COSTS AND RECURRENCES OF CHIROPRACTIC AND MEDICAL EPISODES OF LOW-BACK CARE
 
   

Costs and Recurrences of Chiropractic
and Medical Episodes of Low-back Care

This section is compiled by Frank M. Painter, D.C.
Send all comments or additions to:
   Frankp@chiro.org
 
   

FROM:   J Manipulative Physiol Ther 1997 (Jan);   20 (1):   512

Smith M, Stano M

Health Services Research Program,
School of Public Health,
St. Louis University, MO, USA.
zzsmith@sluvca.slu.edu


This study compared the health insurance payments and patient utilization patterns of individuals suffering from recurring low back pain who visited doctors of chiropractic or medical doctors. Insurance payments were higher for medically initiated episodes. Those who visited chiropractors paid a lower cost and were also more satisfied with the care given.
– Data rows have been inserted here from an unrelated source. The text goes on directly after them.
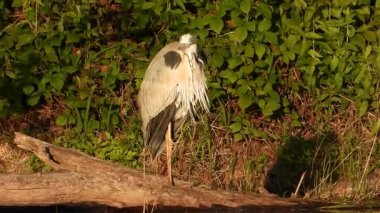 Gri Heron Ardea Göl kıyısında sinemada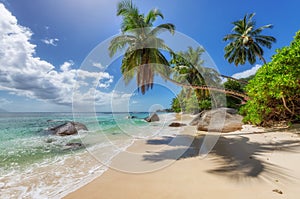 Paradise Sunny beach with palms and turquoise sea.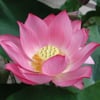 Pema F. Pema F.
Because of this, the study suggests that chiropractic care should be given careful attention by employers when using gate-keeper strategies.


OBJECTIVE:   To compare health insurance payments and patient outcomes for recurrent episodes of care for nine common lumbar and low-back conditions initiated with chiropractic treatment vs. episodes initiated with medical treatment.

DATA AND METHODS:   Retrospective analysis of episodes constructed using 208 ICD-9-CM codes from 2 yr of insurance claims data for a large population of beneficiaries in the private fee-for-service sector. A total of 7077 patients were represented within 9314 episodes of care, of which 8018 episodes were initiated by clearly identified chiropractic or medical physicians. There were 1215 patients with initial physician or chiropractic-initiated episodes who had recurrent episodes. Outcome measures included total insurance payments, total outpatient payments, lengths of initial and recurrent episodes, consistent use of initiating providers for recurrent episodes and time lapsed between episodes.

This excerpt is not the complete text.